About this exercise.
Write each line out exactly, from the one containing "Penicillifera" through the final line of the data, and keep pictures out of the copy.
--------------------------------------------------
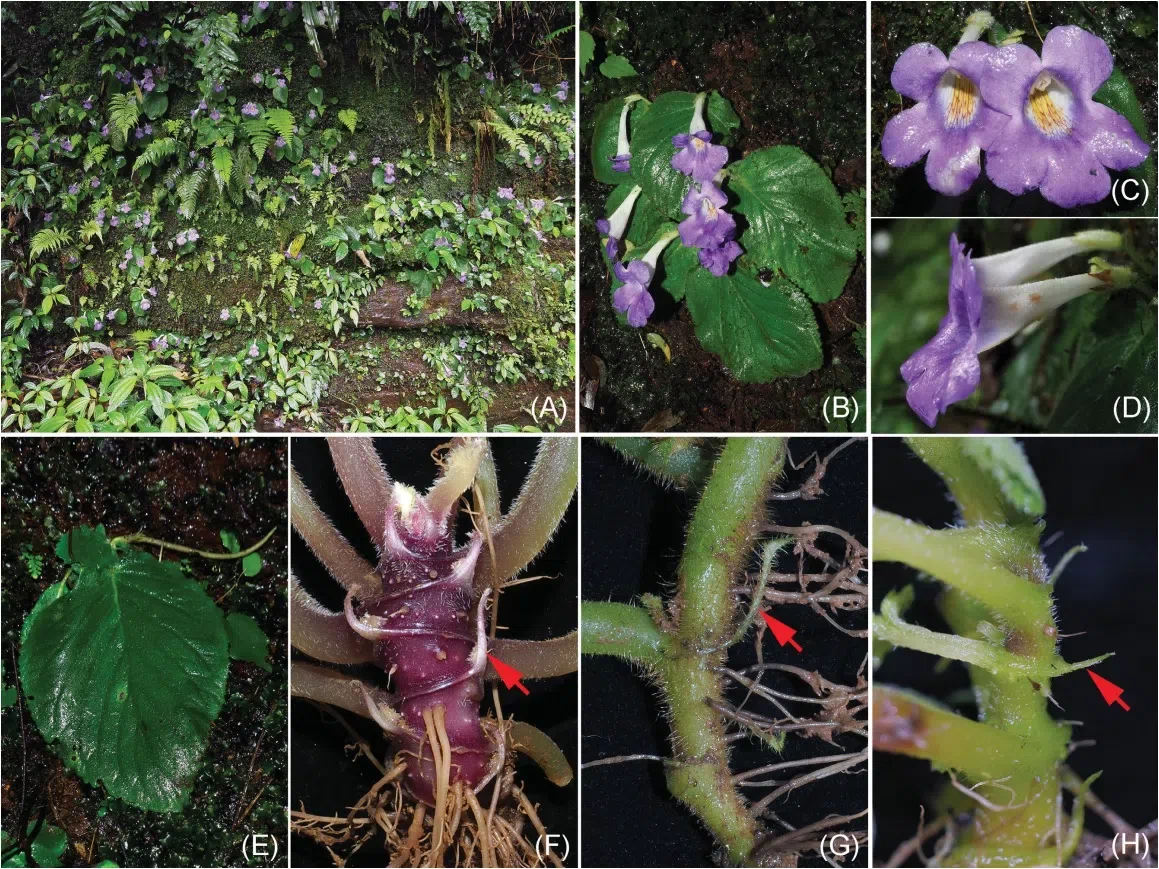 The recently published new taxa and new records of Gesneriaceae from China before 31 December 2021 (17)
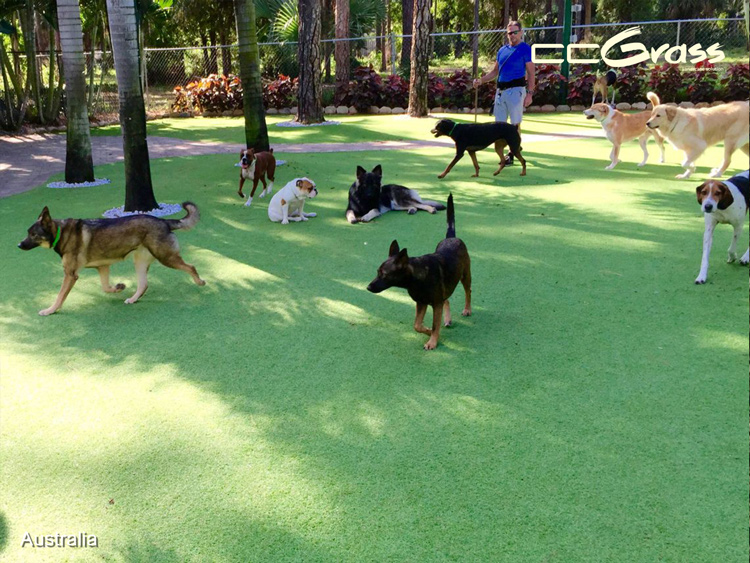 CCGrass, best artificial grass for dogs & pets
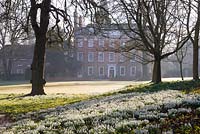 Snowdrops and aconites with old Tilia - Lime trees and Queen Anne house. Welford Park, Newbury, Berkshire, UK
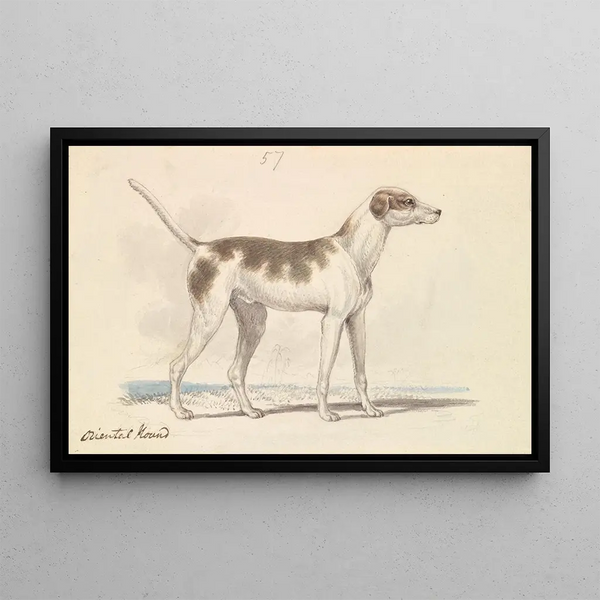 Oriental Dog Painting - Charles Hamilton Smith — framed artwork on a wall
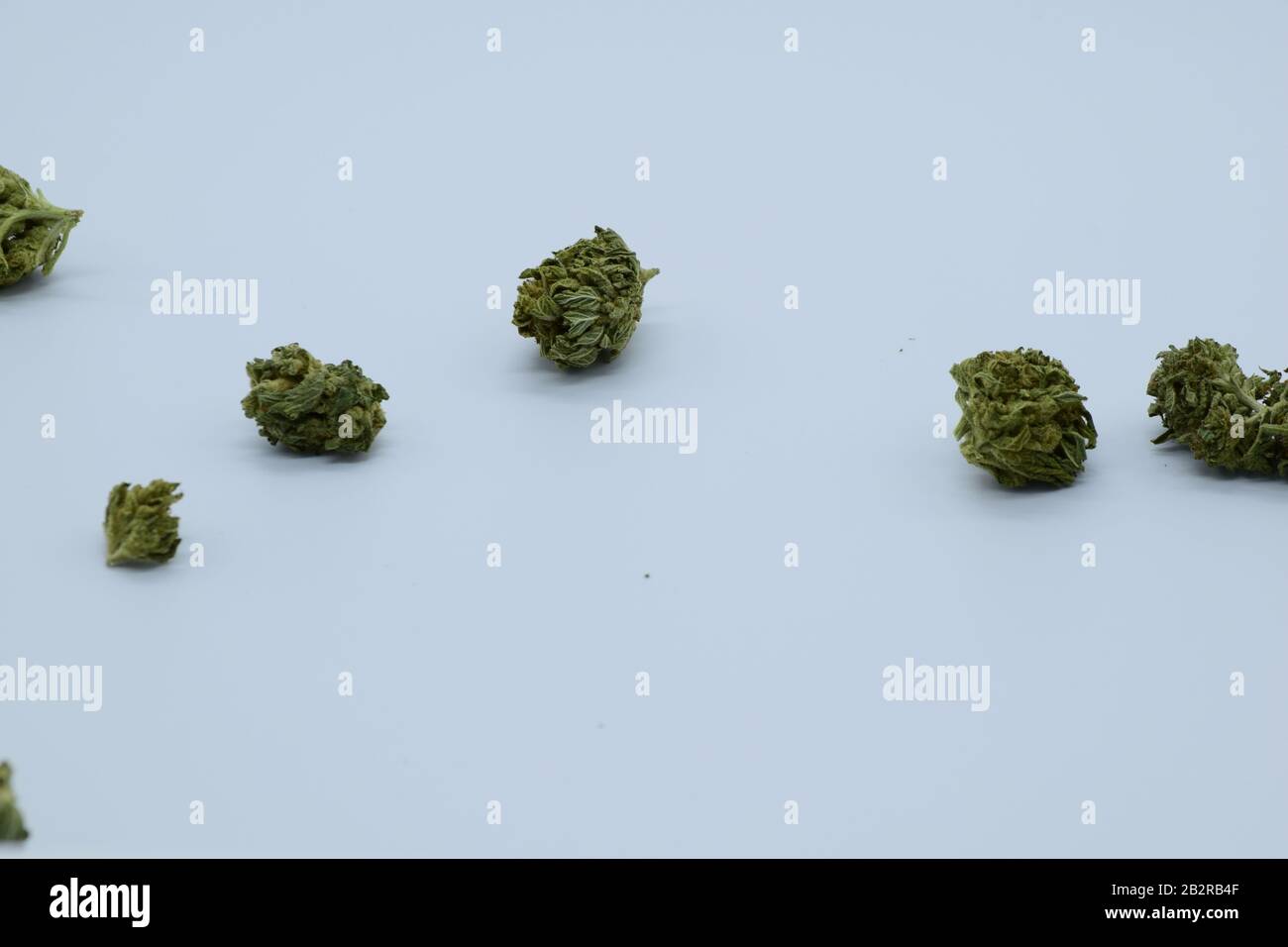 Close Up Of Dense Marijuana Buds With Trichomes Against White Background Stock Photo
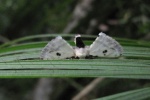 Penicillifera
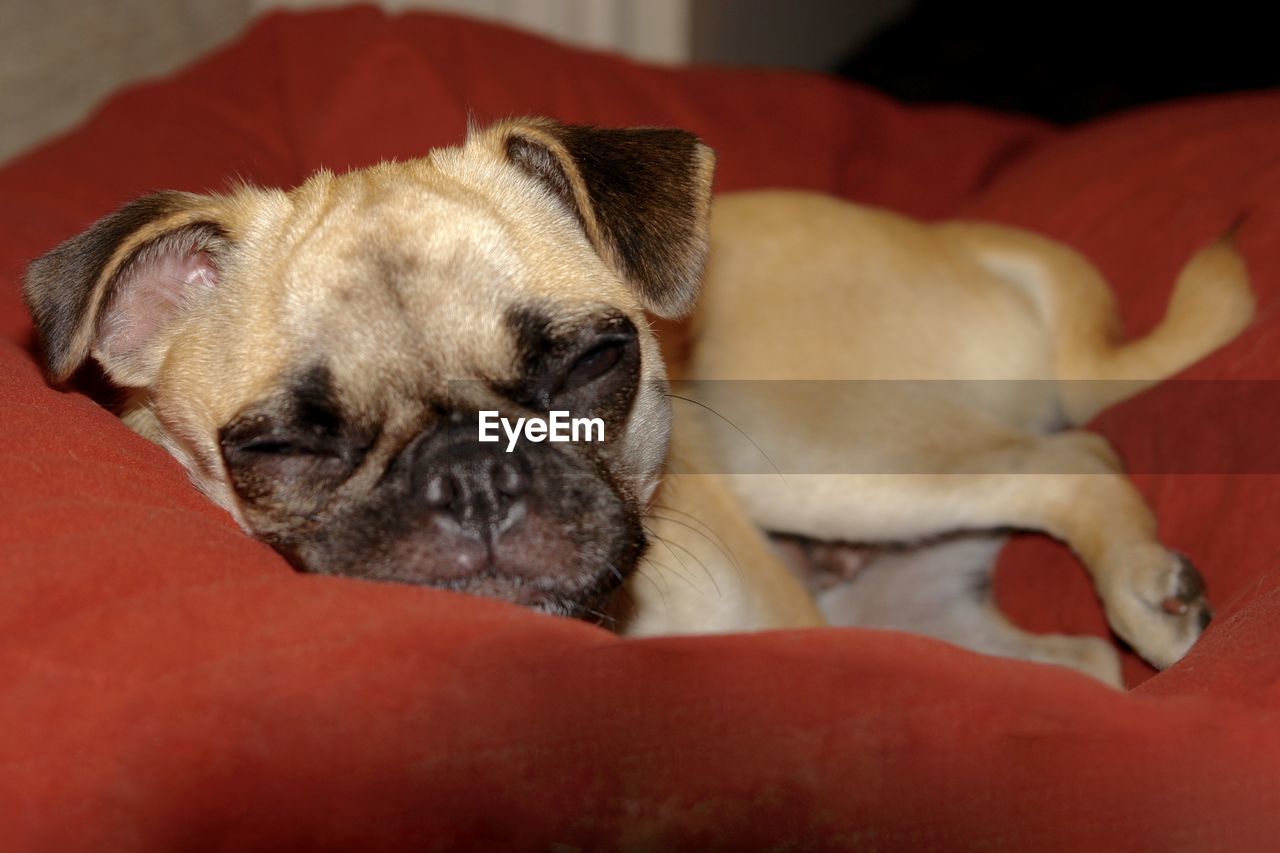 CLOSE-UP PORTRAIT OF DOG LYING DOWN ON BLANKET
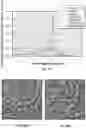 Fig. 29 - Faceted microstructured surface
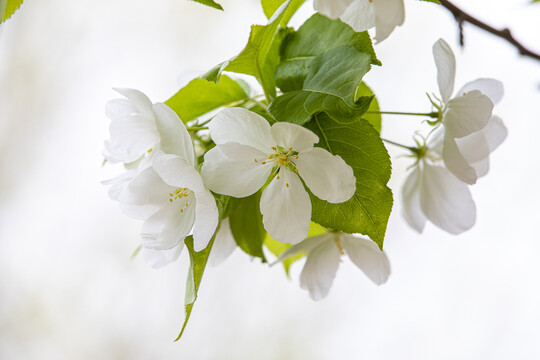 苹果花沙果花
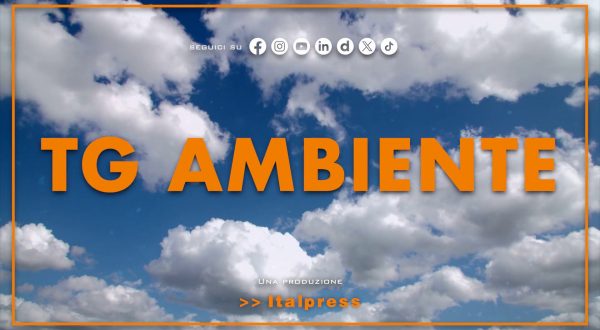 Tg Ambiente – 13/7/2025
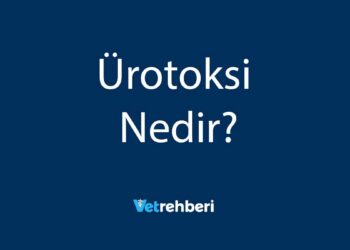 Ürotoksi Nedir?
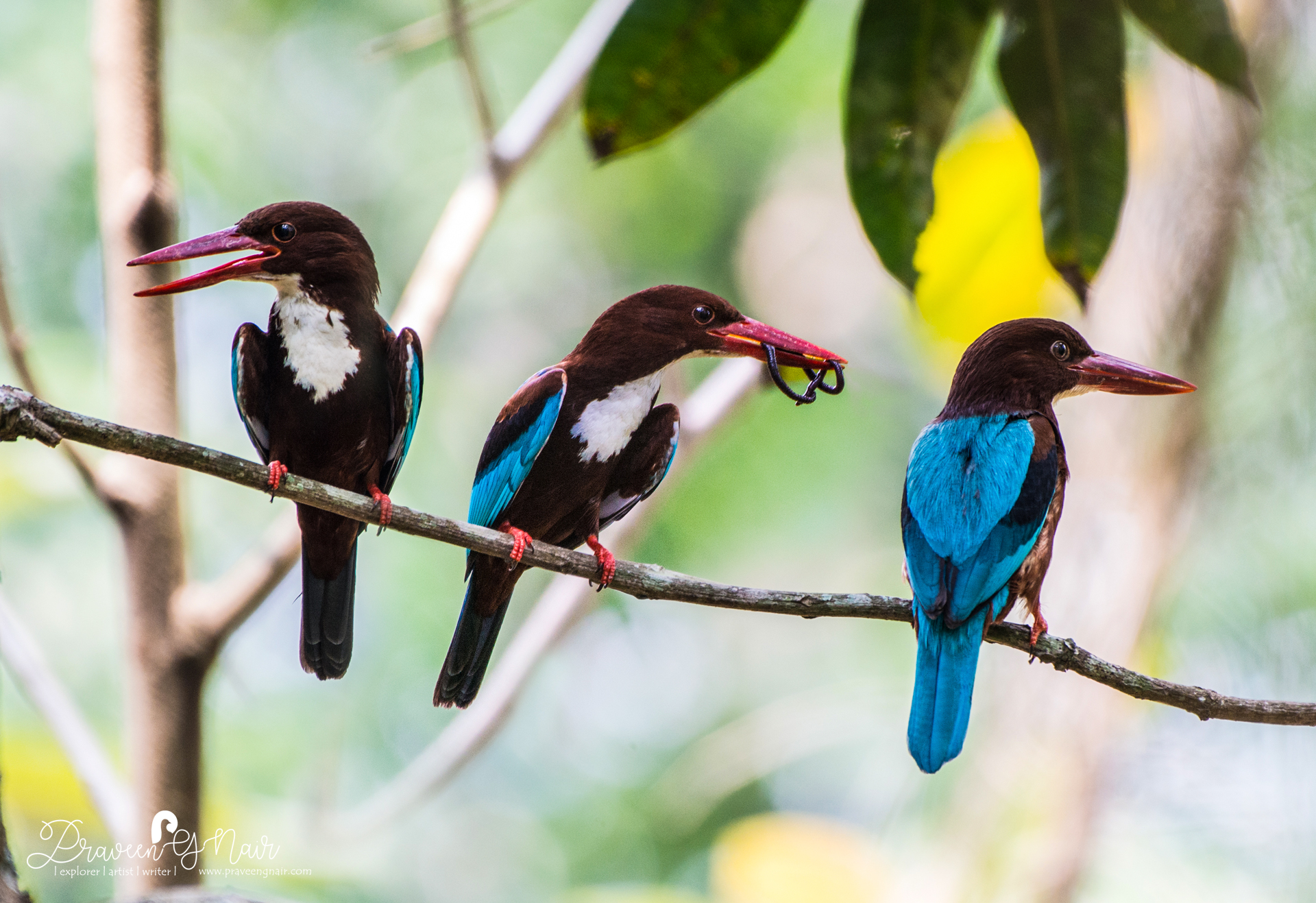 white-throated kingfisher family feeding time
--------------------------------------------------
Result for this exercise.
 Penicillifera
 CLOSE-UP PORTRAIT OF DOG LYING DOWN ON BLANKET
 Fig. 29 - Faceted microstructured surface
 苹果花沙果花
 Tg Ambiente – 13/7/2025
 Ürotoksi Nedir?
 white-throated kingfisher family feeding time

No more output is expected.